The explanation of this gemora is that the mishnah on daf 11a simply states “one must not read by the light of a lamp”, without giving a reason for the prohibition. But the baraissa on daf 12b does explain the reason: “one must not read by the light of a lamp because perhaps he will tilt it”. So when R. Yishmael saw the reason for the prohibition he thought to himself that he would be able to read without tilting the lamp, just like Shlomo Hamelech said “I will have many wives and yet my heart will not be turned away”.
Therefore in the end when R. Yishmael stumbled he declared: How great are the words of the Sages! Meaning, how great are the words of the Sages in the mishnah who said that one must not read by the light of a lamp but did not give the reason for the prohibition, because by giving the reason it provided an opening to make a mistake and stumble. But by not giving the reason it remains simply a decree of the Rabbis which must be followed irrespective of the reason behind the decree.

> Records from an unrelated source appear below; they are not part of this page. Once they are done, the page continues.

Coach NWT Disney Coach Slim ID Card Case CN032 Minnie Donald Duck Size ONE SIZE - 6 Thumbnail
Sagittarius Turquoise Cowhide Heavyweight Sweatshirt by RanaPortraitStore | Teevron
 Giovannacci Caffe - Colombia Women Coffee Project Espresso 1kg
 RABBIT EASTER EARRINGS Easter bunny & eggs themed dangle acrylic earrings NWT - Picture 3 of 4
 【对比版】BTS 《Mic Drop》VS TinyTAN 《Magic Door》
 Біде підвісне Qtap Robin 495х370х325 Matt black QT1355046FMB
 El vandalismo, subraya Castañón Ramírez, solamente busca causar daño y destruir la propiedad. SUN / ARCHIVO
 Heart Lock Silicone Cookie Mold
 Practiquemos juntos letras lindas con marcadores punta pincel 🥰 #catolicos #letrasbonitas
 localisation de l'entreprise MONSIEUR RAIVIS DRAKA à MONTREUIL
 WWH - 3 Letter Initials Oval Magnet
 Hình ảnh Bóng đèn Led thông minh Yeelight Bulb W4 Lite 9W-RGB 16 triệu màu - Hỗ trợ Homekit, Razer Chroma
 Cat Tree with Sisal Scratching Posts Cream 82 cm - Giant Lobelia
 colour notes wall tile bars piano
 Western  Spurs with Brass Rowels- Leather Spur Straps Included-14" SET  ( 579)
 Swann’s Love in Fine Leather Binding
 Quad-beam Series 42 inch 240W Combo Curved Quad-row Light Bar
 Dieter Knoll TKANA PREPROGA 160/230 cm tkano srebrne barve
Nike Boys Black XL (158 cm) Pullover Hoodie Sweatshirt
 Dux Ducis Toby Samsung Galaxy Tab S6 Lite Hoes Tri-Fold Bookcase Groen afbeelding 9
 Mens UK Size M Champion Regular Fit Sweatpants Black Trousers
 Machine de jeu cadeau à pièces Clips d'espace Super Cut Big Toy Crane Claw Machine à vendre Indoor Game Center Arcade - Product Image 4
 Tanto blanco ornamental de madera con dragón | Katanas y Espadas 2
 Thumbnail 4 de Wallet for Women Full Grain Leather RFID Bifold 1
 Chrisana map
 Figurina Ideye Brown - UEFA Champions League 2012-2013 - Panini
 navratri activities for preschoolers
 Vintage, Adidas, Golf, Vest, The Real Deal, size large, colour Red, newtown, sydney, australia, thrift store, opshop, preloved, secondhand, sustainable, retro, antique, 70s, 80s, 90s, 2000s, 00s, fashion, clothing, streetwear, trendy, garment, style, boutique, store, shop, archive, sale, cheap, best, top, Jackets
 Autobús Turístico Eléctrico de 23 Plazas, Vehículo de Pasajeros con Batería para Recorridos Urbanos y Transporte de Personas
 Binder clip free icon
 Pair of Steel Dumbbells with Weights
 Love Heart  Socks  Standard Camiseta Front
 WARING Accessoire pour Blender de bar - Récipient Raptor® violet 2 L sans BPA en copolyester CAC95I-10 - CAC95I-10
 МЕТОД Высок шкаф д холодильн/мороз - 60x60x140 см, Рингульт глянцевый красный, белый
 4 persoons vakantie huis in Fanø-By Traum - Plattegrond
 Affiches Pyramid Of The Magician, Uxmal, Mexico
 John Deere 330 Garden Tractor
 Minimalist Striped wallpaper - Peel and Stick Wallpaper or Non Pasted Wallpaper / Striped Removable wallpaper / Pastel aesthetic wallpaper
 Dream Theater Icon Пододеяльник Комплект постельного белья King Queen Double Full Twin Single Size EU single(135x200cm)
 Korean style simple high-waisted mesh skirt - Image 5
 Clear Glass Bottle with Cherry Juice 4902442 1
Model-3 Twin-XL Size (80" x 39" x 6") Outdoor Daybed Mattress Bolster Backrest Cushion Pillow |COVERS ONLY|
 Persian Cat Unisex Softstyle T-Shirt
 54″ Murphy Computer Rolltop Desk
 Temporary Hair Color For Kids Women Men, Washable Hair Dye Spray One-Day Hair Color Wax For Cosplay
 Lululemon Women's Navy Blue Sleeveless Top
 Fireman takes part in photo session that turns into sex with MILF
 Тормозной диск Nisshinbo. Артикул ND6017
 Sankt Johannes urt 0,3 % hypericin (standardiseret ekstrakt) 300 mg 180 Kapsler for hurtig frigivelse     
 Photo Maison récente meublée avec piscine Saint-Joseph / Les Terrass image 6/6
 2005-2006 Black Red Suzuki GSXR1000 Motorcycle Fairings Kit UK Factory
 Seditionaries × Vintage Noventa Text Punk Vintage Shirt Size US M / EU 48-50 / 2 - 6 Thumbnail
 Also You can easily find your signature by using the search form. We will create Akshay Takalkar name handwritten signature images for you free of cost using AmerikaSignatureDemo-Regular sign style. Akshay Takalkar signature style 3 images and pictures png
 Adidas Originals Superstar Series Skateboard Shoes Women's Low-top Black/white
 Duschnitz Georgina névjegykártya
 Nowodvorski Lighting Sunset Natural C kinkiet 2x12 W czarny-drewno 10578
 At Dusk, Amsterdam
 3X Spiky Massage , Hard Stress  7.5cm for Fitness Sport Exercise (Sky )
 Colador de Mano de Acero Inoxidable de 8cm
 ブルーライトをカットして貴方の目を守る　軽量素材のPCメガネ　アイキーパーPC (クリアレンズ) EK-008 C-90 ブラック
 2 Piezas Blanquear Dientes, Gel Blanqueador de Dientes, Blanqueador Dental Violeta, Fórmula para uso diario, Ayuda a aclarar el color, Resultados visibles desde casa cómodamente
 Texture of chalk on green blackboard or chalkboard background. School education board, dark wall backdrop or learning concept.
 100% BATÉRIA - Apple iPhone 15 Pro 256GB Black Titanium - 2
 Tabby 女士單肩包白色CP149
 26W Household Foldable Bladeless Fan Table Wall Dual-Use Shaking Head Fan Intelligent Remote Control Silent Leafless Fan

How does this posuk allude to the five things which require a Kohen?
(21,5) “And the Kohanim the sons of Levi shall come near, for Hashem your G-d has chosen them to serve Him and to bless in the name of Hashem, and by their mouth will be every dispute and every affliction.”
Behold, we find in the Torah five things that depend on the Kohanim - service in the Beis Hamikdash, the priestly blessing, the ritual of the eglah arufah (the slaughter of a calf when a dead person is found outside a city), the ritual of the sotah (a woman suspected of adultery), and the purification of the metzora (one who has been afflicted with a certain type of skin lesion).
And they are all included in this posuk: “And the Kohanim the sons of Levi shall come near, because Hashem your G-d has chosen them to serve him” - this refers to their service in the Beis Hamikdash, “and to bless in the name of Hashem” - this refers to the priestly blessing, “and by their mouth will be” - this refers to the eglah arufah (Rashi explains that after slaughtering the calf the kohanim say “forgive Your people Yisrael”), “every dispute” - this refers to the ritual of the sotah which involves a dispute between a man and his wife, “and every affliction” - this refers to the purification of the metzora.